IBM Buys Informix for $1 Billion
IBM will acquire database vendor Informix Software for $1 billion, giving IBM a strong lead in the database market.
August 13, 2001
In late April 2001, IBM announced that it would acquire database vendor Informix Software for $1 billion. This acquisition gives IBM a strong lead in the overall database market over Oracle, whose database server had been running neck-and-neck with IBM DB2 in market share. Before this acquisition, IBM's business depended largely on the receding mainframe market; Oracle holds a major share, 52 percent, of the more popular desktop-database market. With the Informix acquisition, IBM's share of the desktop-database market will rise from 13 percent to about 25 percent.
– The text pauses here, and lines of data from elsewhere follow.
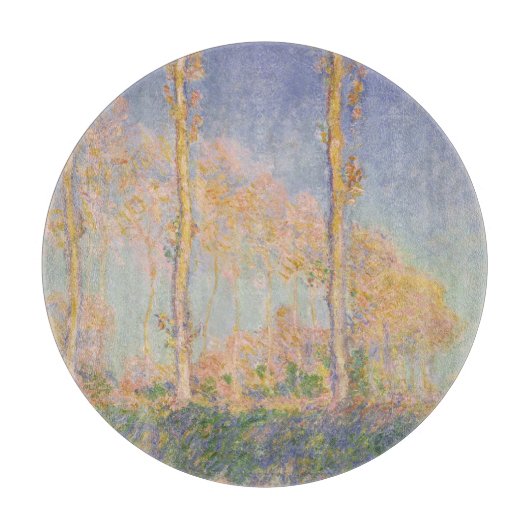 Planche À Découper Peupliers, paysage impressionniste, Claude Monet (Devant)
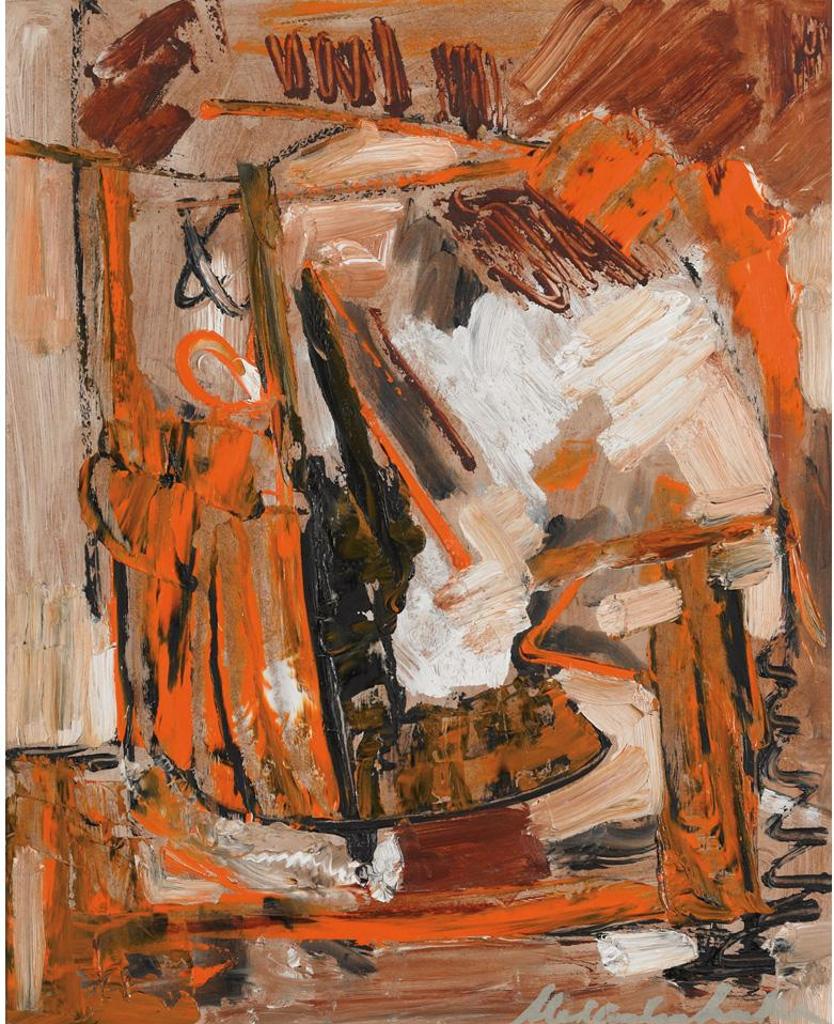 Alexandra Luke (1901-1967) - Abstract In Orange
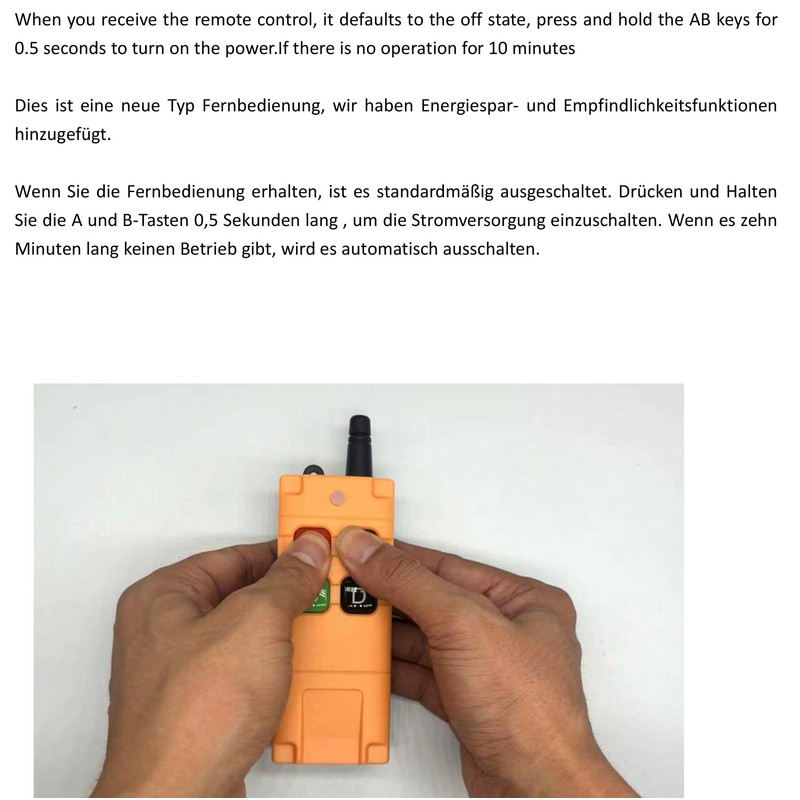 Imoumou Remote Control 4 Channels RF Wireless Remote Control Switch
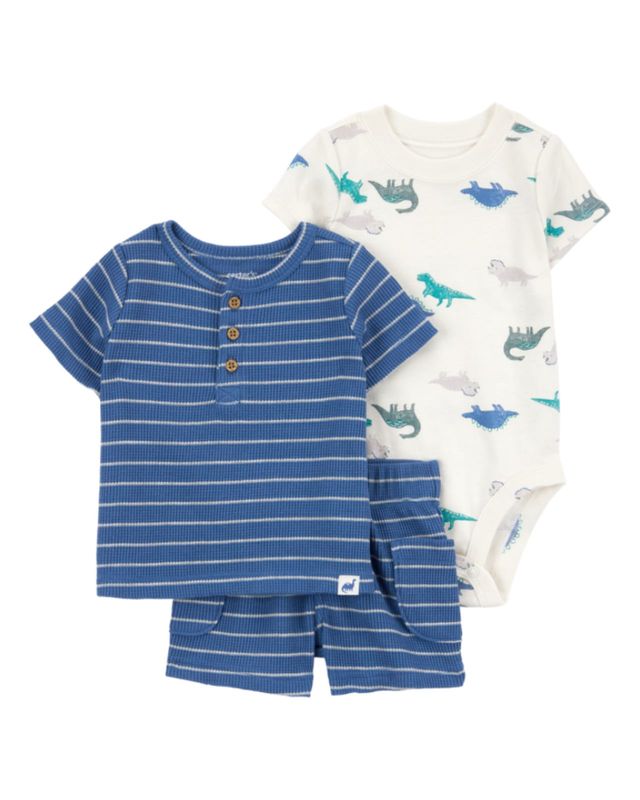 Original Carter's Boys 3-Pcs Dinosaur Set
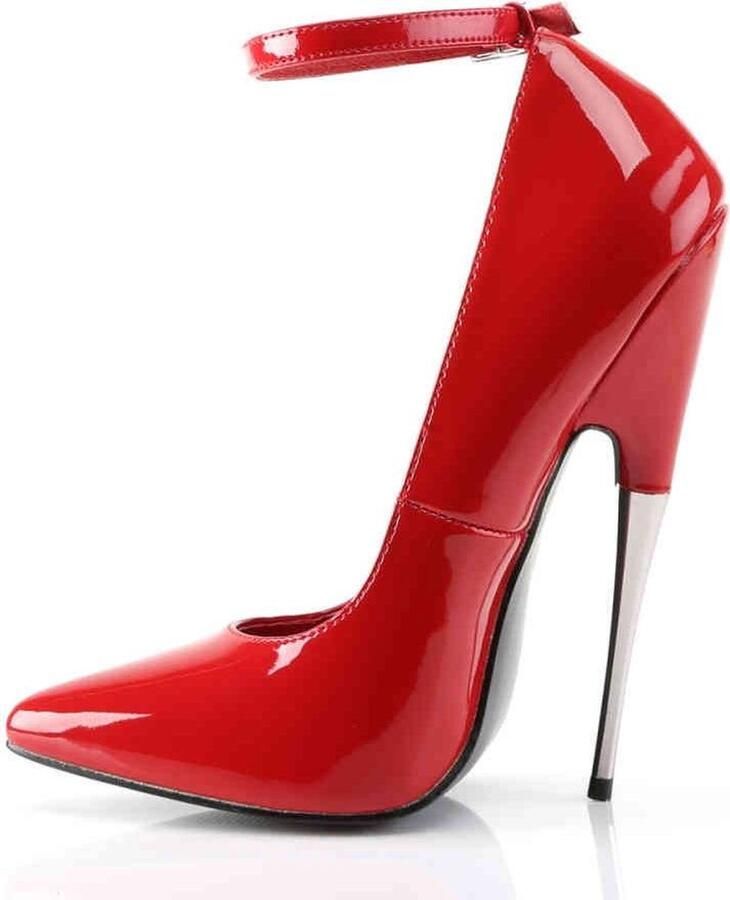 Devious Hoge hakken 37 Shoes SCREAM 12 Paaldans schoenen Rood - Foto 2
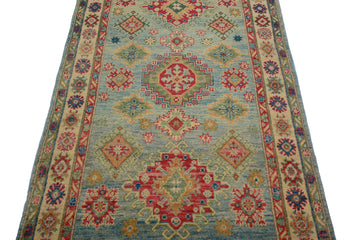 Afghan Kazak Rug, 112 x 177 cm (New Arrival)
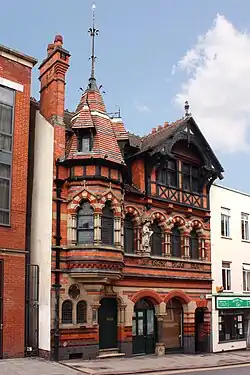 Offices, George Street, Nottingham, by Watson Fothergills, 1895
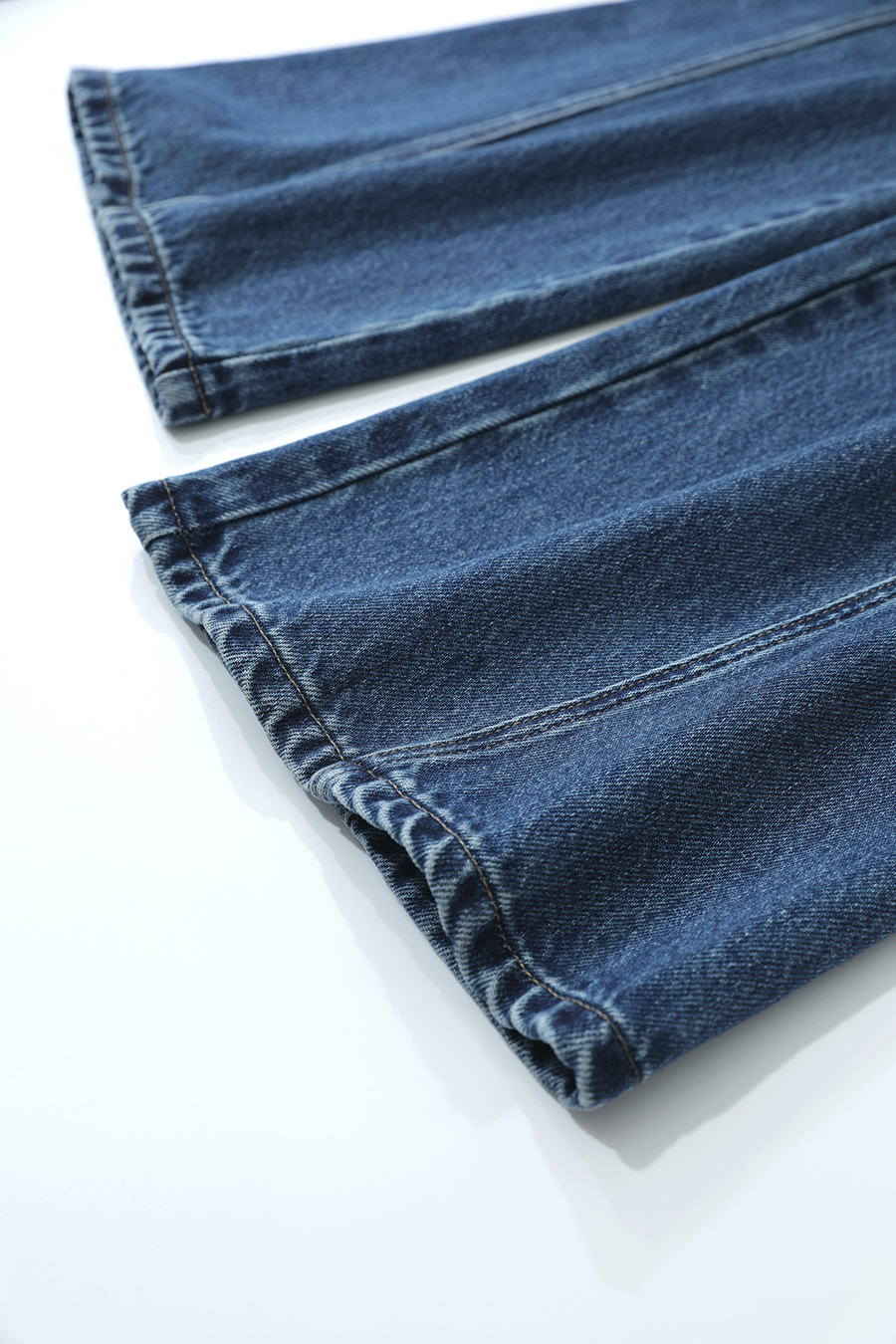 Cotton Flare Denim Pants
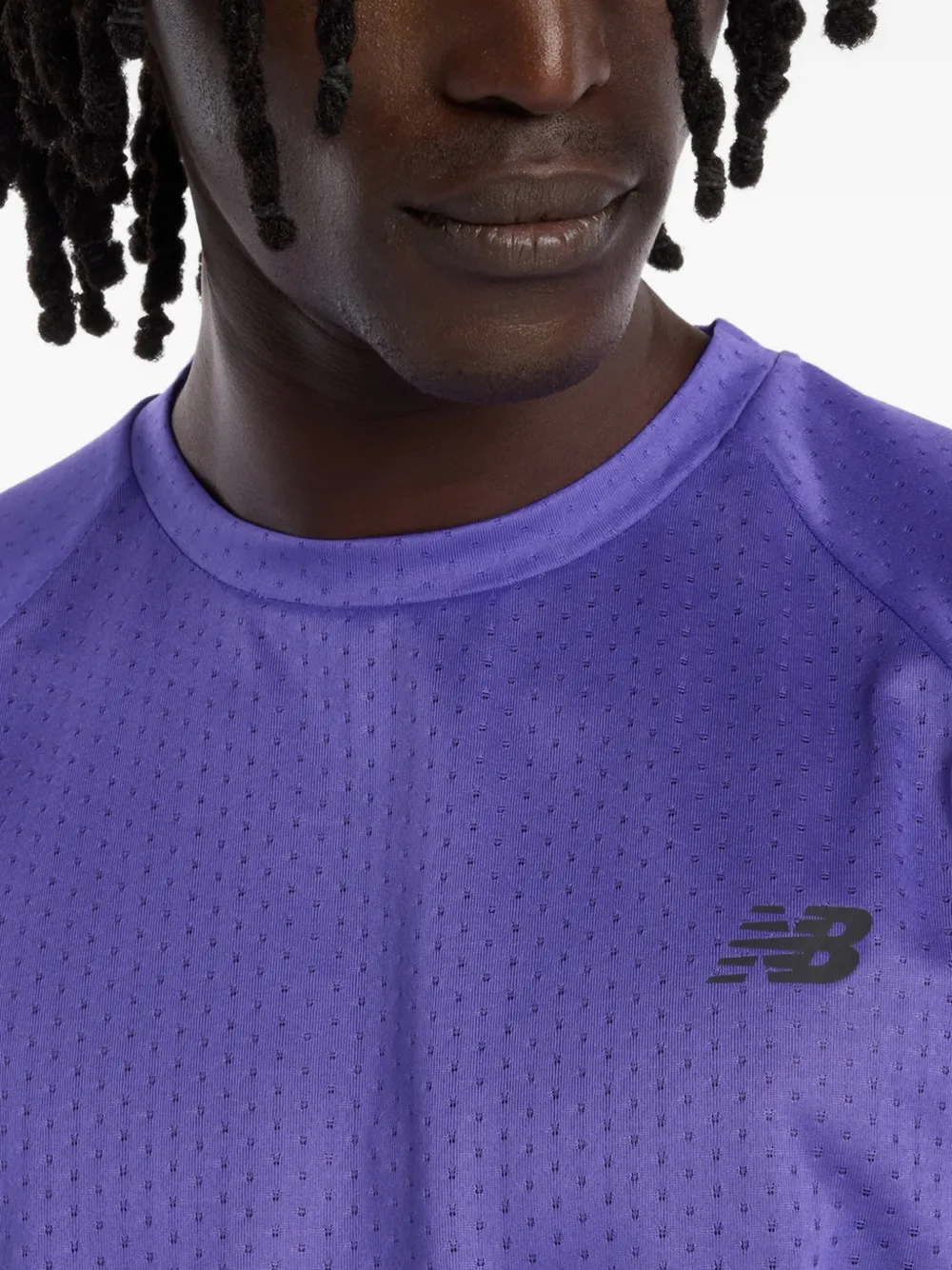 New Balance T-shirt met logoprint Paars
The deal is IBM's second largest; in 1995, the company purchased Lotus Development for $3 billion.
"This will be viewed by Oracle as a shot across their bow," said Steve Mills, the IBM senior vice president who heads the company's software division. "IBM competes extensively and aggressively against Oracle across the market worldwide today." IBM and Informix expect to close this deal in third quarter 2001. How many Informix customers will turn to DB2 as a result of the sale is unclear, but IBM says that it will continue to enhance and support Informix's UNIX and Windows NT offerings while integrating Informix products' best features into DB2. Informix has more than 100,000 customers, including Verizon Communications; Wal-Mart Stores; Sears, Roebuck, and Co.; and Sabre.